> [Work instruction] Use the entries below and reproduce exactly the lines from the one containing "16215 SE Rivershore" down to the one containing "Young mother with", both of them included.

> [Available data]
* * * * *

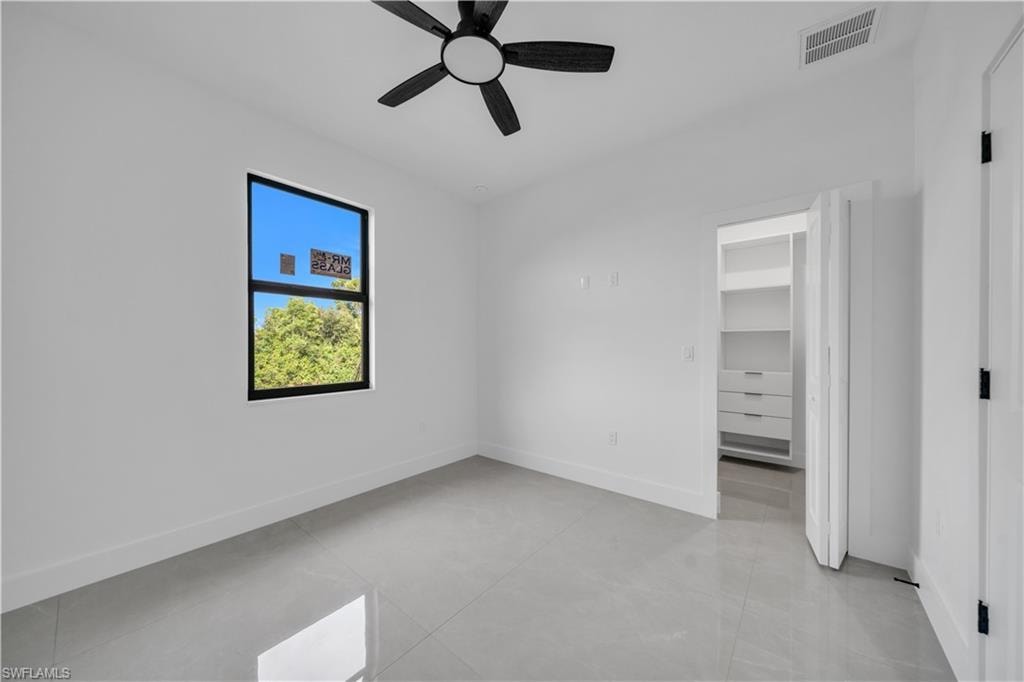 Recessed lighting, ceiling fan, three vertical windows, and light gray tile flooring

* * * * *

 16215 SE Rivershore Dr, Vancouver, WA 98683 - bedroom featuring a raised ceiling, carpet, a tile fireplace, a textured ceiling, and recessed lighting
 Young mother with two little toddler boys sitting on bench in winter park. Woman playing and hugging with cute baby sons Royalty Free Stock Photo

* * * * *

> [Solved problem]
 16215 SE Rivershore Dr, Vancouver, WA 98683 - bedroom featuring a raised ceiling, carpet, a tile fireplace, a textured ceiling, and recessed lighting
 Young mother with two little toddler boys sitting on bench in winter park. Woman playing and hugging with cute baby sons Royalty Free Stock Photo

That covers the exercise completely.